**Study material**
=== Section Start ===

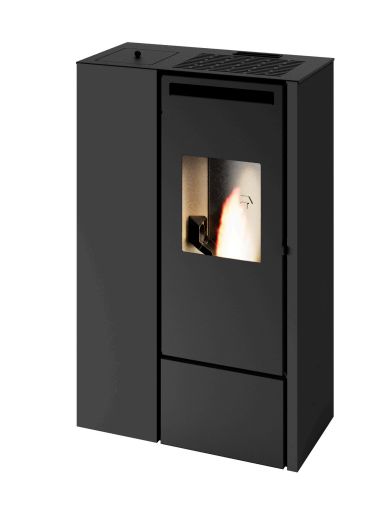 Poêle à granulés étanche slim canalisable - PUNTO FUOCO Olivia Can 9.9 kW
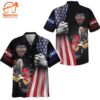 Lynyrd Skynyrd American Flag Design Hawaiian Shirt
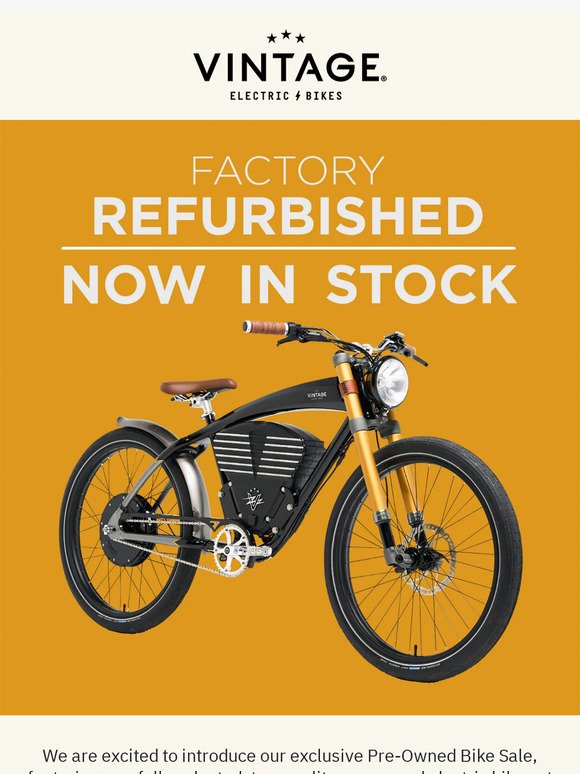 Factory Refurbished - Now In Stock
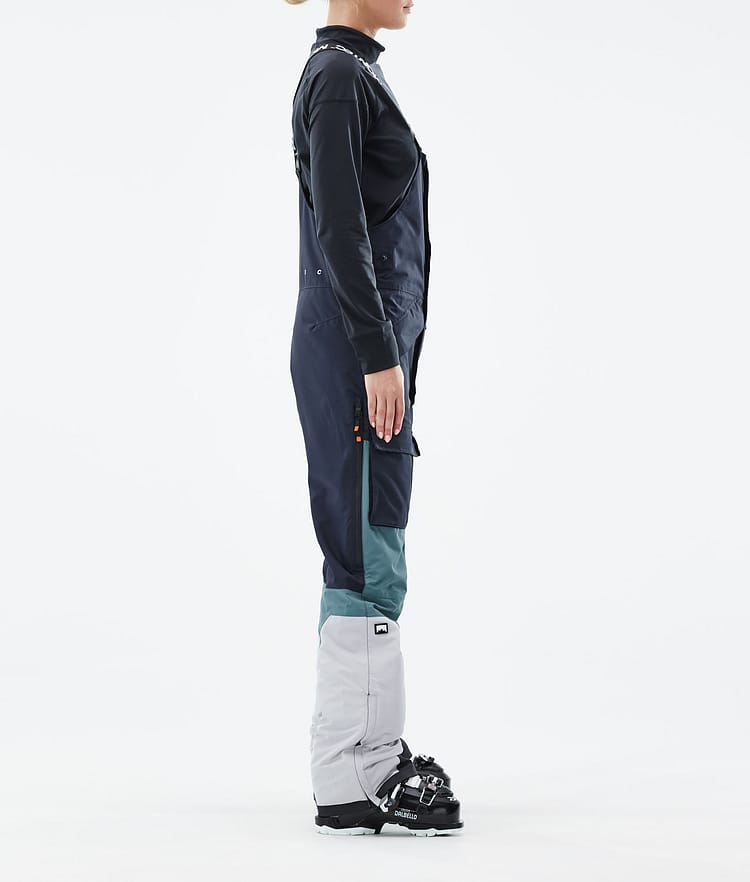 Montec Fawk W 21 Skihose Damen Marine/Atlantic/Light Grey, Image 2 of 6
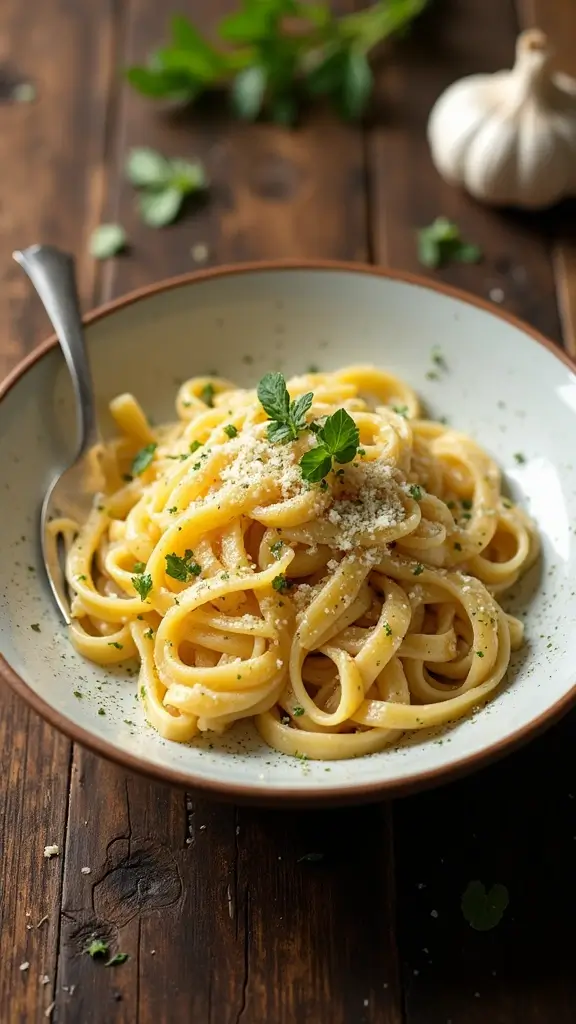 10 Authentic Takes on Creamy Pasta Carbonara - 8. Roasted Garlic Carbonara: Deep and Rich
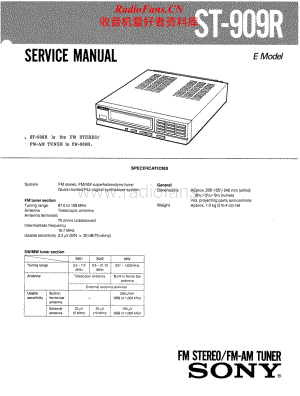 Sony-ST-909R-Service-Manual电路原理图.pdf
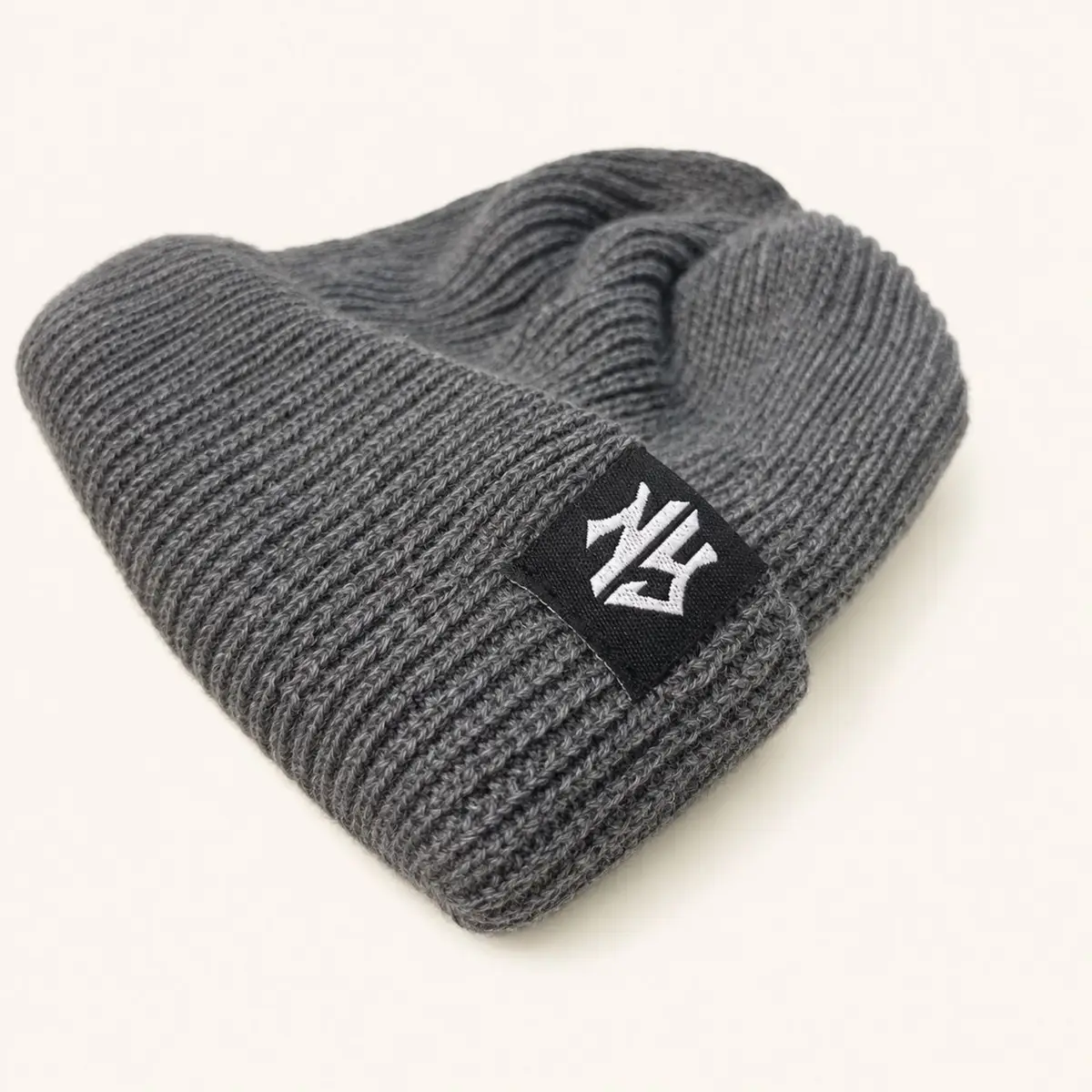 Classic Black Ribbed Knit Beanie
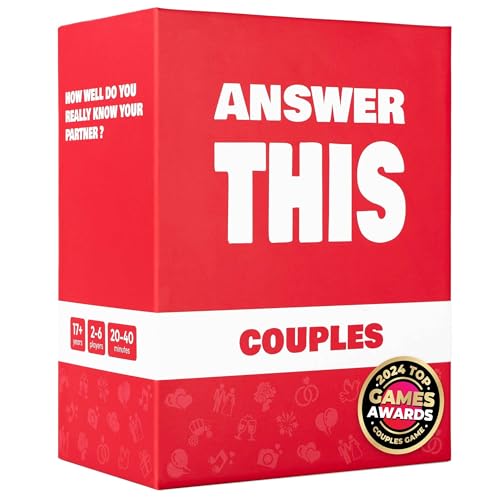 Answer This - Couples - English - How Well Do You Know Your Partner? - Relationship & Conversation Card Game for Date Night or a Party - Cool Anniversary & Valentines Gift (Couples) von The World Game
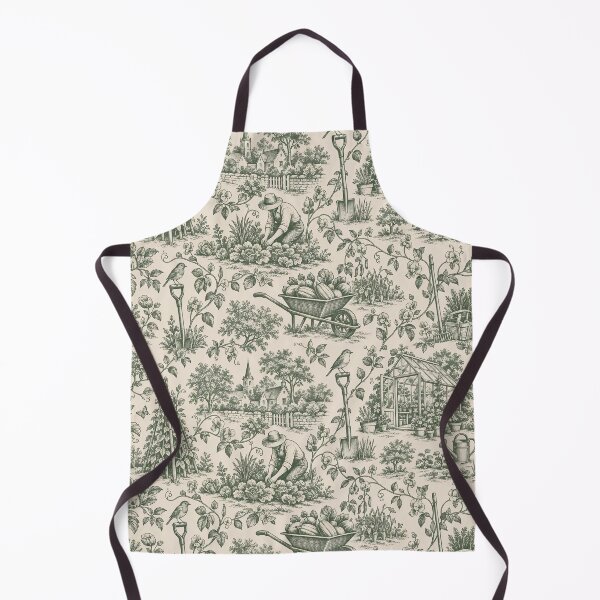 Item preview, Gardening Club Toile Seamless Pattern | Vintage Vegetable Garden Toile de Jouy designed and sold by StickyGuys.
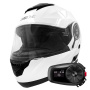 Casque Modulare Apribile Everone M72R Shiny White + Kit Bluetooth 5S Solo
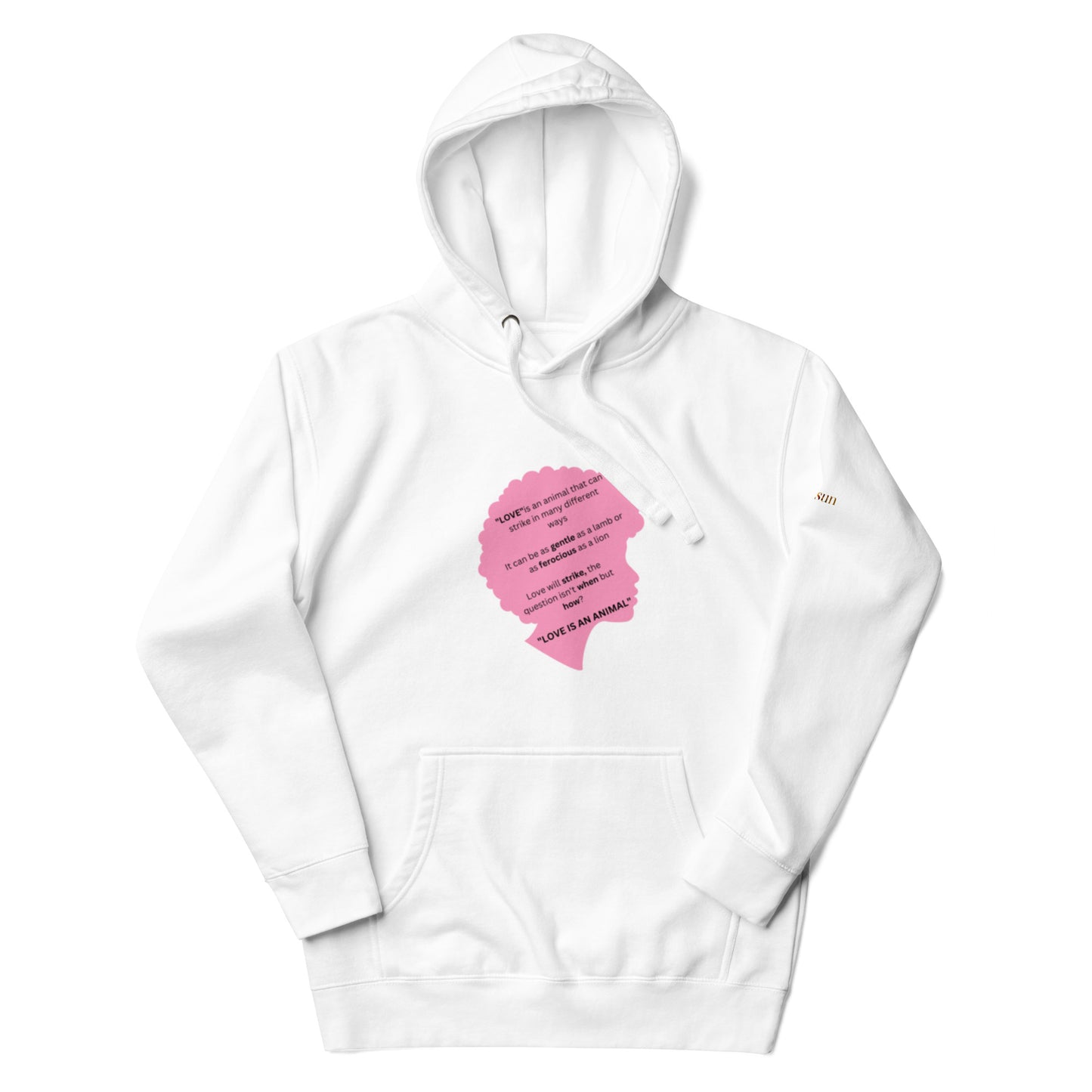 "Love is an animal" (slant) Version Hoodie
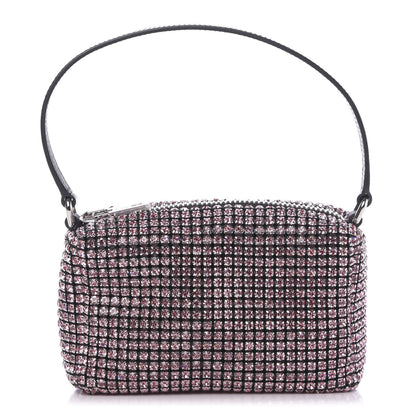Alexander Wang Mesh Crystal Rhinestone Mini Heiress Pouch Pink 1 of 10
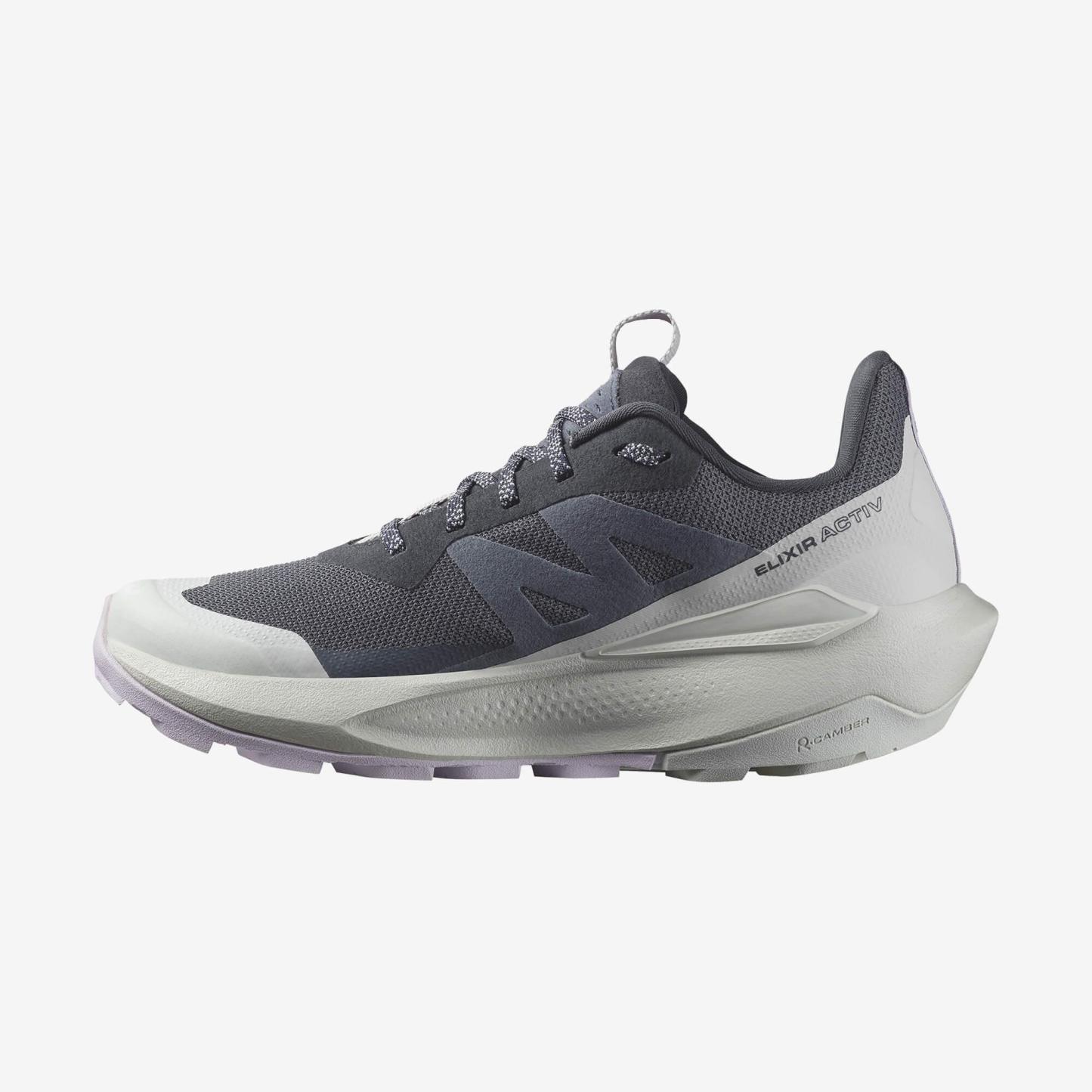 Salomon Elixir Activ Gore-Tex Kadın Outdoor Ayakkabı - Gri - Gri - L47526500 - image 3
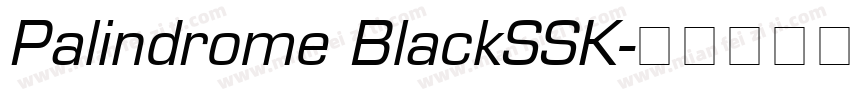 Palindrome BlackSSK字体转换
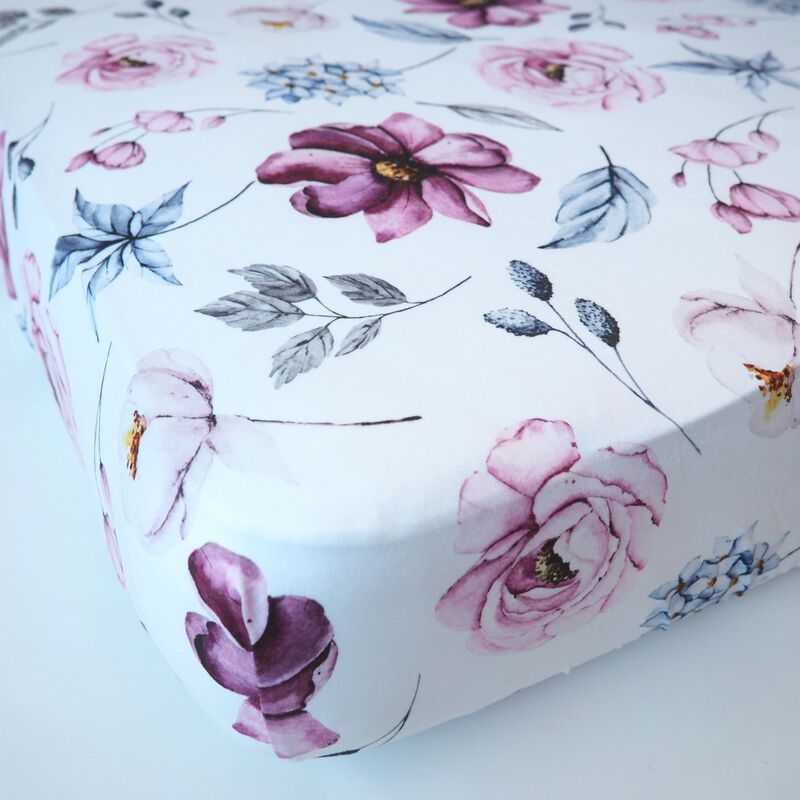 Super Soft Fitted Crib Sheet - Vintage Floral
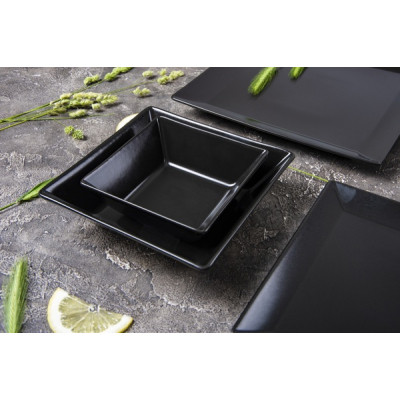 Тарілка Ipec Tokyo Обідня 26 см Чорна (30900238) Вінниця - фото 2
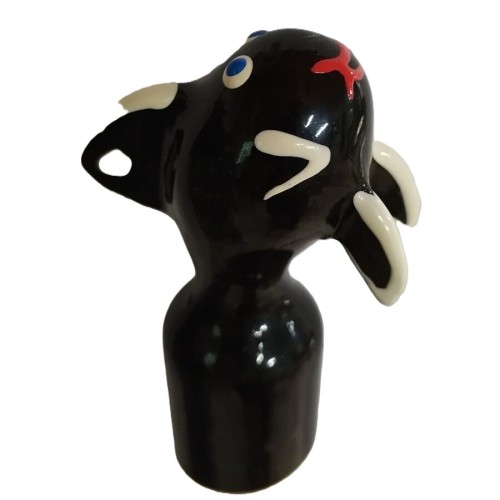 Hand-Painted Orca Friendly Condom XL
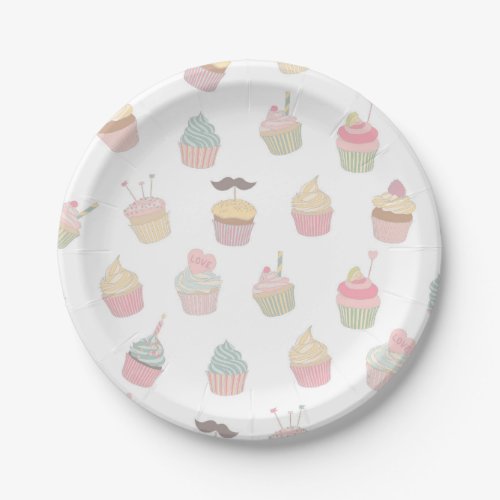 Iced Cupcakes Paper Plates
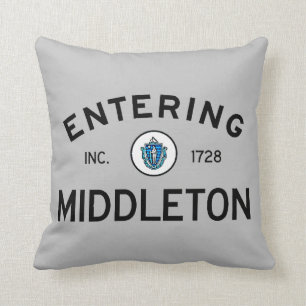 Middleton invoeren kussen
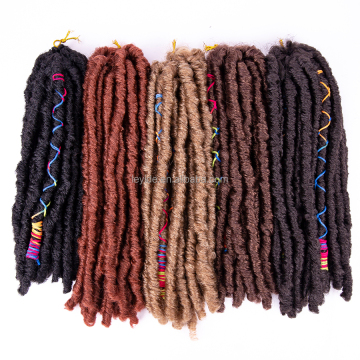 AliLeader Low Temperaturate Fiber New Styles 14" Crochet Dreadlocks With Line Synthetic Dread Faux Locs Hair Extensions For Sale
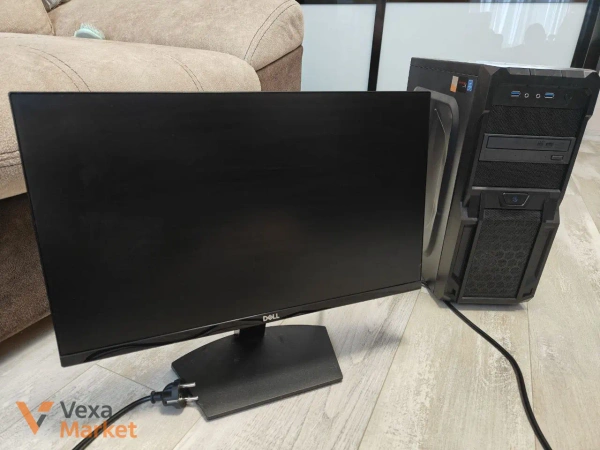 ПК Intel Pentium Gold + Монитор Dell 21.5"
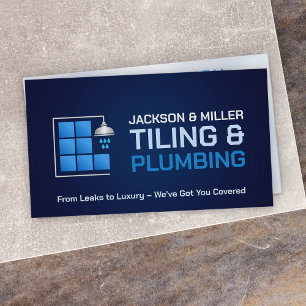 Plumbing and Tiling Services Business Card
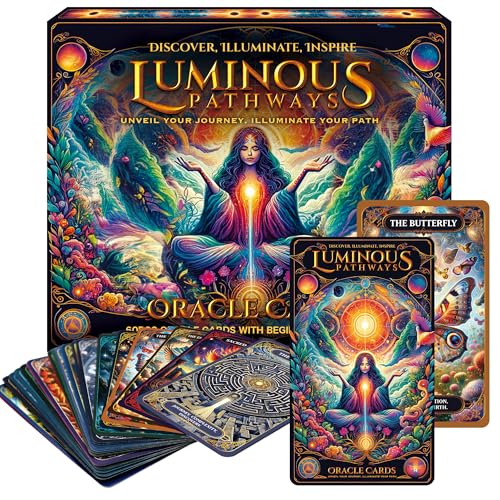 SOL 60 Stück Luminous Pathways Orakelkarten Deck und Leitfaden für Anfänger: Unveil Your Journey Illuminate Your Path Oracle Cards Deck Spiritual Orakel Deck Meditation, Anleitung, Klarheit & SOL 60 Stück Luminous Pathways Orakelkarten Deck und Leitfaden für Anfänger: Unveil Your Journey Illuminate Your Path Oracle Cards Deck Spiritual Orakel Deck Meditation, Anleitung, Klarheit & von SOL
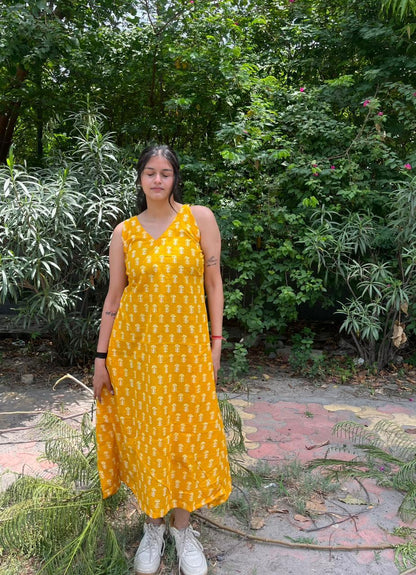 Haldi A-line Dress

=== Section End ===

Omit every picture, and please return the entries exactly from the first line through the line with "Super Soft Fitted", both included.

 Poêle à granulés étanche slim canalisable - PUNTO FUOCO Olivia Can 9.9 kW
 Lynyrd Skynyrd American Flag Design Hawaiian Shirt
 Factory Refurbished - Now In Stock
 Montec Fawk W 21 Skihose Damen Marine/Atlantic/Light Grey, Image 2 of 6
 10 Authentic Takes on Creamy Pasta Carbonara - 8. Roasted Garlic Carbonara: Deep and Rich
 Sony-ST-909R-Service-Manual电路原理图.pdf
 Classic Black Ribbed Knit Beanie
 Answer This - Couples - English - How Well Do You Know Your Partner? - Relationship & Conversation Card Game for Date Night or a Party - Cool Anniversary & Valentines Gift (Couples) von The World Game
 Item preview, Gardening Club Toile Seamless Pattern | Vintage Vegetable Garden Toile de Jouy designed and sold by StickyGuys.
 Casque Modulare Apribile Everone M72R Shiny White + Kit Bluetooth 5S Solo
 "Love is an animal" (slant) Version Hoodie
Alexander Wang Mesh Crystal Rhinestone Mini Heiress Pouch Pink 1 of 10
 Salomon Elixir Activ Gore-Tex Kadın Outdoor Ayakkabı - Gri - Gri - L47526500 - image 3
 Palindrome BlackSSK字体转换
 Super Soft Fitted Crib Sheet - Vintage Floral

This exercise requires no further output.